I noticed one theme running through your post if you can't get a solo you do your own thing, you don't like jamming well how about sitting down with two or three musicians playing a couple of songs the way they like and then saying to them something like this " that last song we did when we get to the middle or wherever why don't we try this" then play some of your stuff and see if you can get some interest and feedback from the others there. Jamming is as much about exchanging ideas as it is about playing a song as it was written or doing your own thing. Jamming with cd's you hit a tough spot and then play your own thing, how about stopping, going back to the song and when you hit that tough spot play some of your stuff then go right back into the song again without stopping, you like to improv. who says you have to play the entire song just like the original that's what jamming is all about. Jamming is experimenting, feeding off the music, feeding off the music in your head and feeding off other musicians not just playing your own stuff. When you're jamming you should be listening to the other people there, talking to them asking questions giving out some of your ideas. To be a complete musician you have to learn to listen, ask, talk, compromise, don't be all about yourself but be yourself and play the way you feel best shows your talent.


----------



## Adcandour (Apr 21, 2013)

Well, sure. Of course people are gonna get upset if you're trying to play a song and then choose to do what you like over top of parts you don't know. Firstly, Is it a skill thing or a memory thing? It's not an ADD thing when you're there.

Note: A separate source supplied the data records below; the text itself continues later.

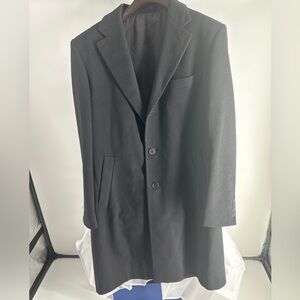 Colombo cashmere blend black sing breasted coat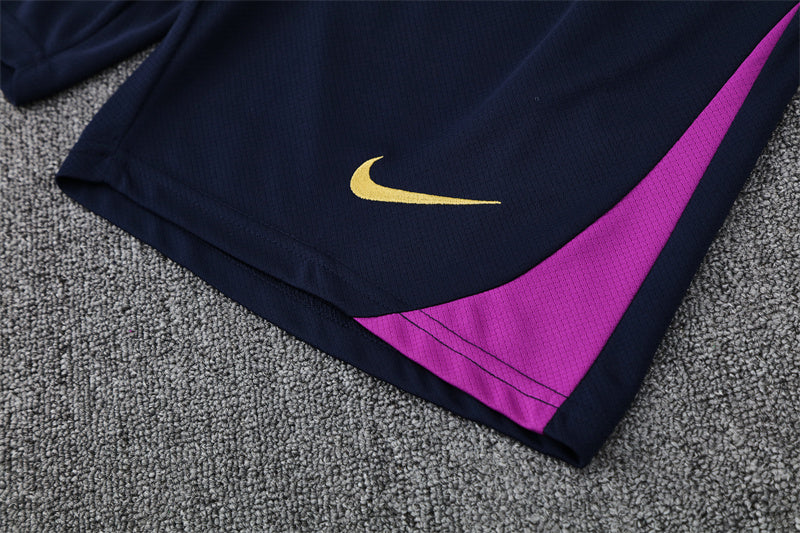 Kit Shirt + Shorts Barcelona Magenta/Dark Blue Training 25/26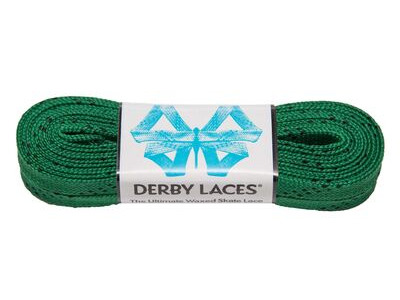 Derby Laces Waxed Roller Derby Laces 120" 120" Kelly Green  click to zoom image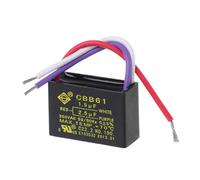 SUCHUANGUANG Black CBB61 1.5uF+2.5uF 3 Wires 250V 50/60Hz Capacitor For Ceiling Fan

I think you should try out 'tab pro', since it's much nicer than using strictly tab. You still have to be able to concentrate though. My suggestion for this - and you're not gonna like it - is to do the following for 15 minutes a day:

1) Pick an area in the house where you'll be left a lone
2) Set a timer for 10 minutes
3) get comfortable in a chair
4) don't move a muscle for any reason for 10 minutes
5) Once you master the above, try eliminating any thought that enters your head. best thing to do is focus on the sound of your breathing. 
6) kick it up to 15 minutes

When you're done doing the above, you'll be able to focus on tab for certain. The hardest part is to not have a thought (it may take weeks - but what's 10 minutes a day?). It all sounds crappy, but it works. And, if you really want it bad enough, you'll do it.

Then hit the tab pro - if it frustrates you, then you don't want it bad enough.


----------



## zontar (Oct 25, 2007)

I don't have any attention span tips, but I have no problem with making up your own parts.

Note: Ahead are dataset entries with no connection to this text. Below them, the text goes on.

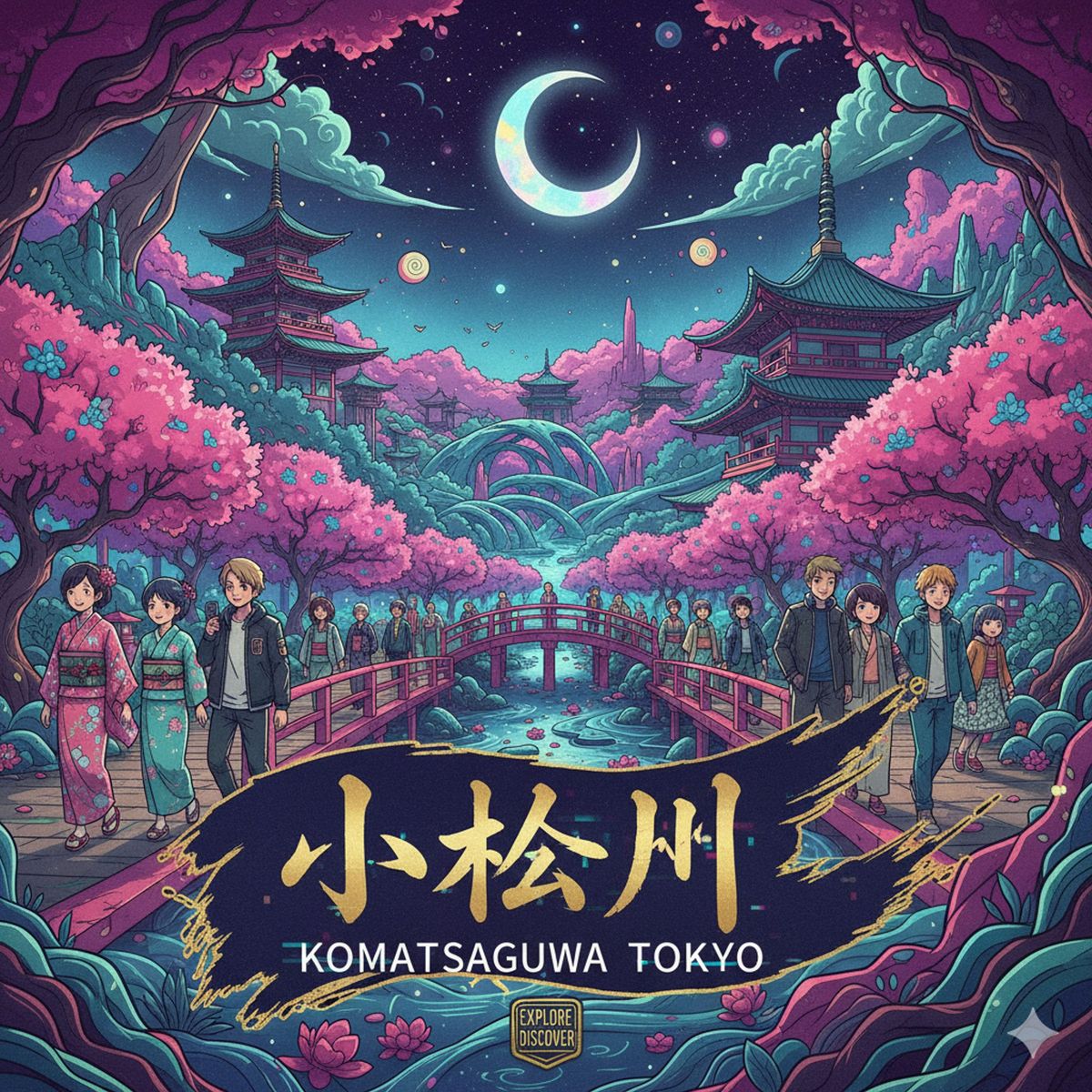 Komatsugawa  小松川町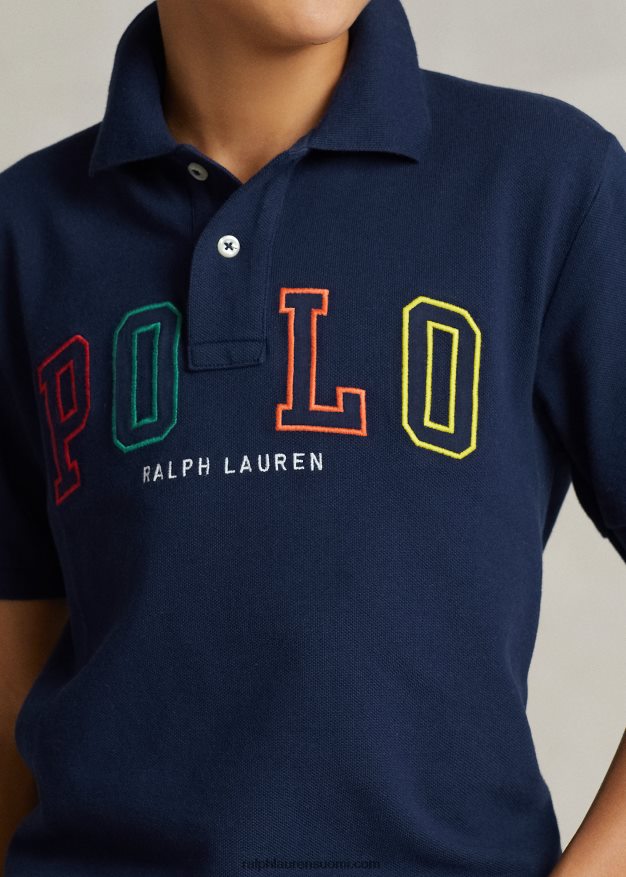 Ralph Lauren lapset logovillakankainen poolopaita 0Z24ZR6563 risteilylaivasto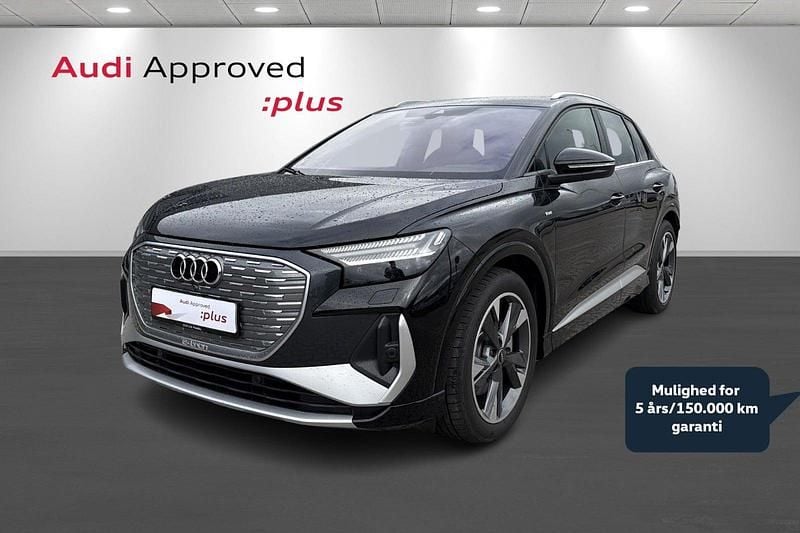 Sortmetal Brugt 2024 Audi Q4 e-tron Advanced SUV | 374.900 kr. (Fair pris) - Billede 1/4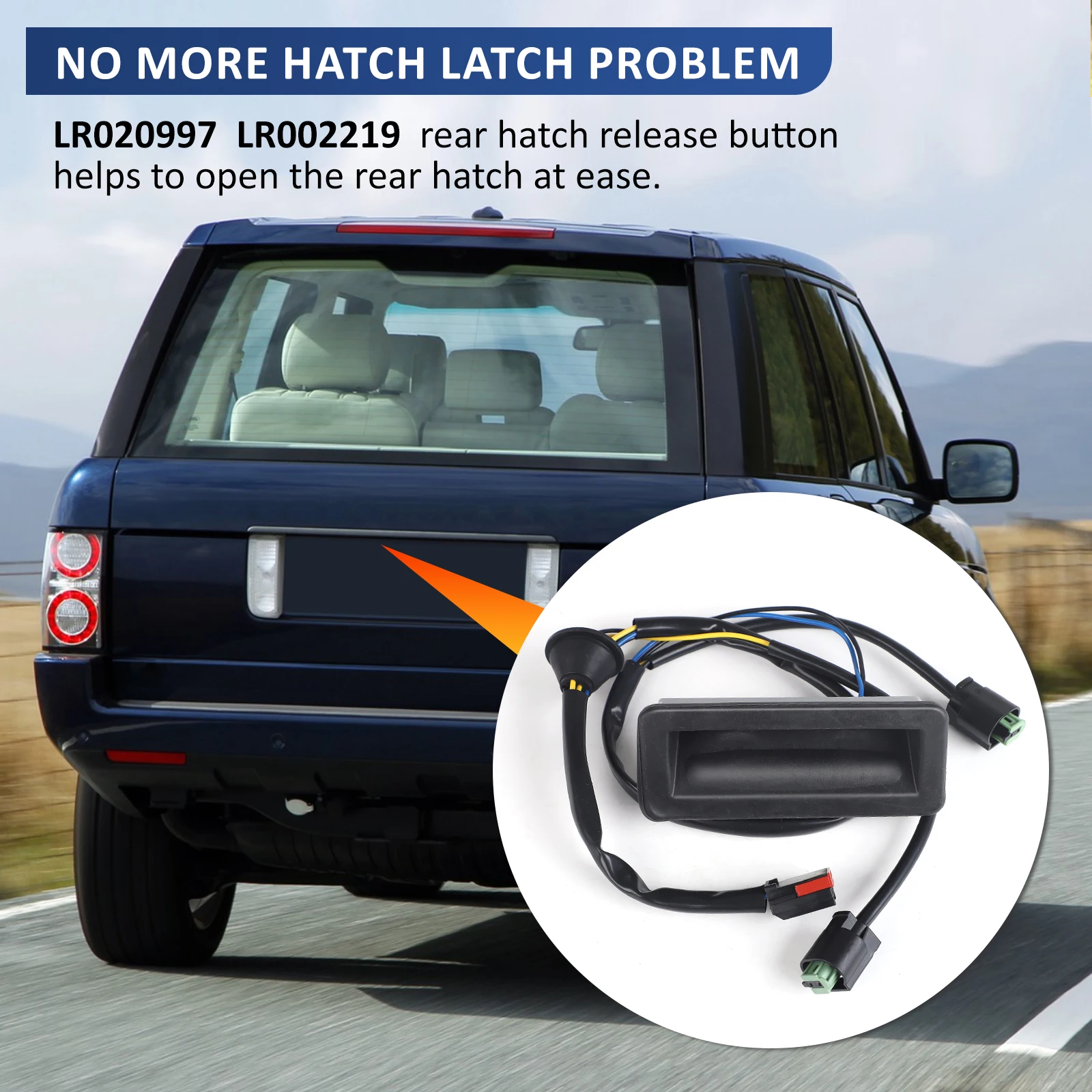 for Land Rover Freelander 2 2008-2015 Lr020997 Lr042648 Lr002219 Rear Boot Trunk Tailgate Release Handle Switch Wiring Button - Image 3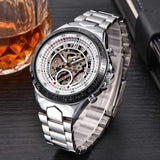 MCE 60275 Luxury Male Self-wind Mechanical Watches Stainless Steel Roman Numeral Wrist Watch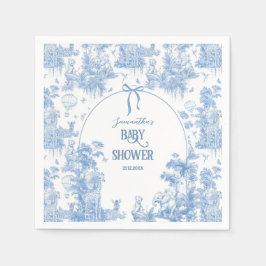 Servilleta De Papel Es un Safari Blue Toile de Boy Elegant Baby Shower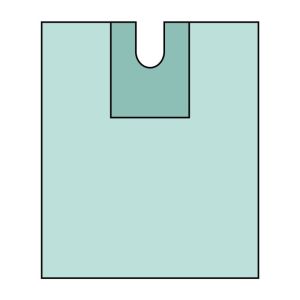 Omnia Split Drape with Adhesive, 100 x 150 cm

I've done the playing a song the same way as the original, and it has its values, and can be fun, but I have more fun, and learn more when I make up my own arrangements.

Sometimes they're serious and for real, other times they're goofy.

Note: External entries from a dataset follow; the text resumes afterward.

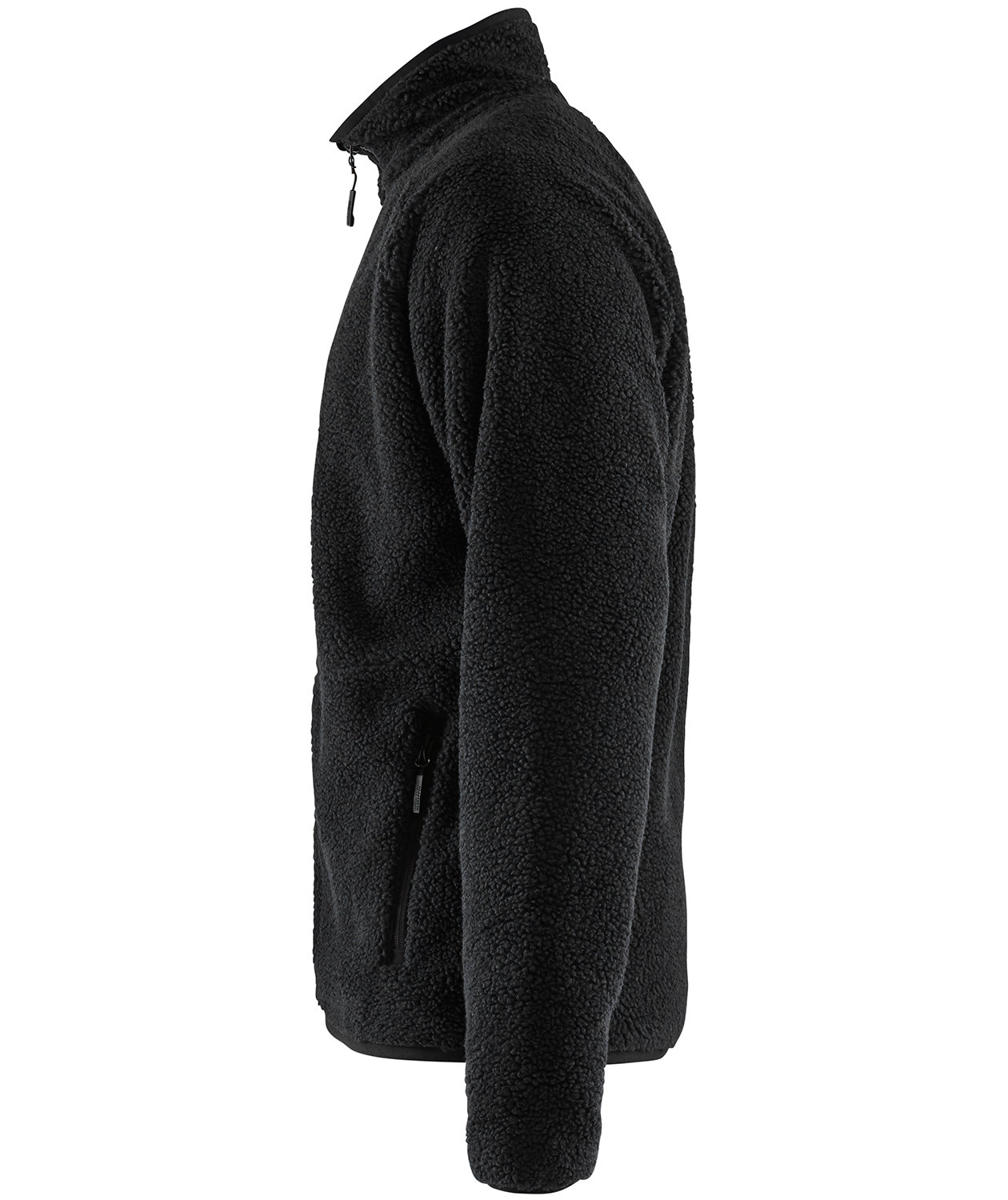 Bl&aring;kl&auml;der p&auml;lsfiberjacka, Svart, large image number 2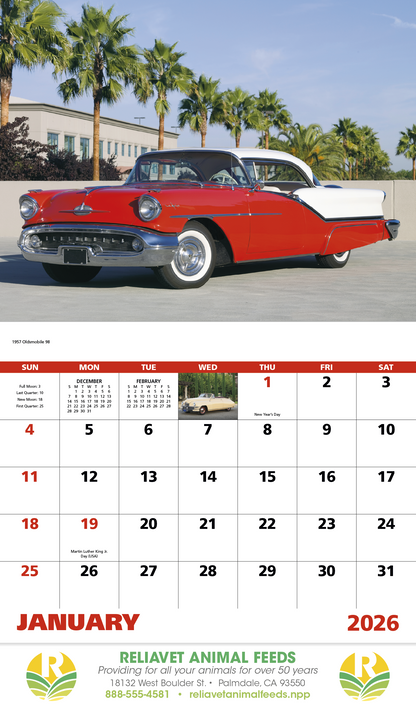 Good Value Classic Autos  Stapled Calendar-7242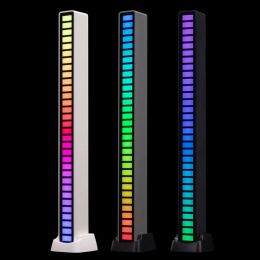 Gadgets RGB Pickup Lights Music Sound Control Rhythm LED Desktop Chargable Lamp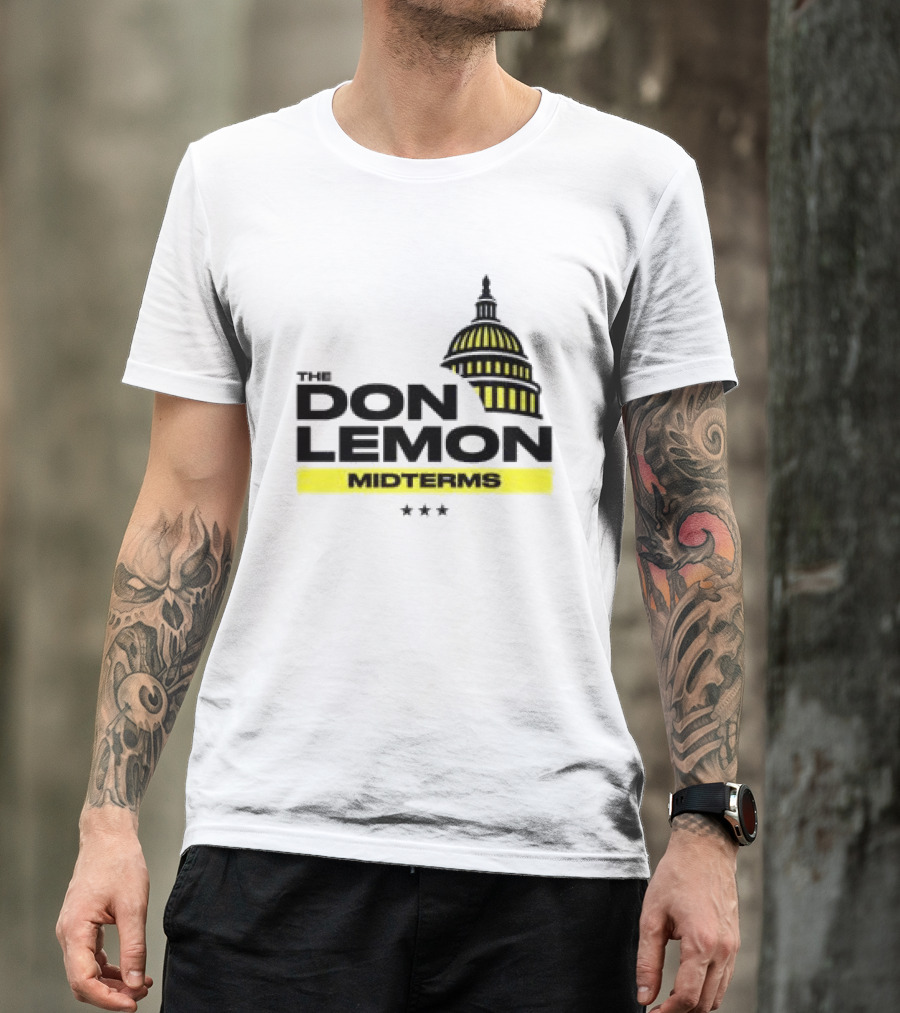 Don Lemon Midterms Capitol Illustration With Stars T-Shirt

I remember years ago learning Deep Purple's Flight of the Rat.
There's a guitar run in there I could never play correctly, so if I was the only guitar player I would sing the run.
One time I was jamming at a party with a drummer and we played the song, and we both sang the run.

It was fun.

So if you're having fun making up your own parts/arrangements/stuff then good--go for that.

But do try to work on the attention span as well, as that will help when playing with others.


----------



## rcacs (May 4, 2011)

What was the question?

cheers!

rick in mb


----------



## fredyfreeloader (Dec 11, 2010)

rcacs said:


> What was the question?
> 
> cheers!
> 
> rick in mb


The question was "does Prime Minister Harper know how to do the cha cha" do you know the answer?


----------



## Scotty (Jan 30, 2013)

Thanks for your thoughts folks. Adcandor, no issues with your suggestion of a short meditation practice to still the mind is similar to what I've done in martial arts studies


----------



## Guest (Jan 5, 2014)

fredyfreeloader said:


> The question was "does Prime Minister Harper know how to do the cha cha" do you know the answer?


not quite the cha cha

[video=youtube;wxah7dHXbgQ]http://www.youtube.com/watch?v=wxah7dHXbgQ[/video]


----------



## Robert1950 (Jan 21, 2006)




----------



## astyles (Apr 6, 2009)

You remind me of, well "me" at one time. I think we've all had moments like these... I know I definitely have, for whatever reason. I recall when I was in my first band - we jammed a lot, played shows to small crowds... it was all very fun, and that's all it was meant to be. And we weren't out to make any money either (prolly couldn't have anyway). We all really didn't care to cover songs perfectly, and I would very frequently do what you mentioned - make up my own stuff through the tough parts. If someone questioned it, I'd always tell them that "I liked to change it up" when in reality I just couldn't be bothered to take the time to learn it and/or I really didn't have the "tools" to know "how" to learn it. Resources at the time (or lack thereof) played a part - no internet - and I didn't care to buy the tabs from my local shop. Also, I didn't know as much about my instrument as I really thought I did !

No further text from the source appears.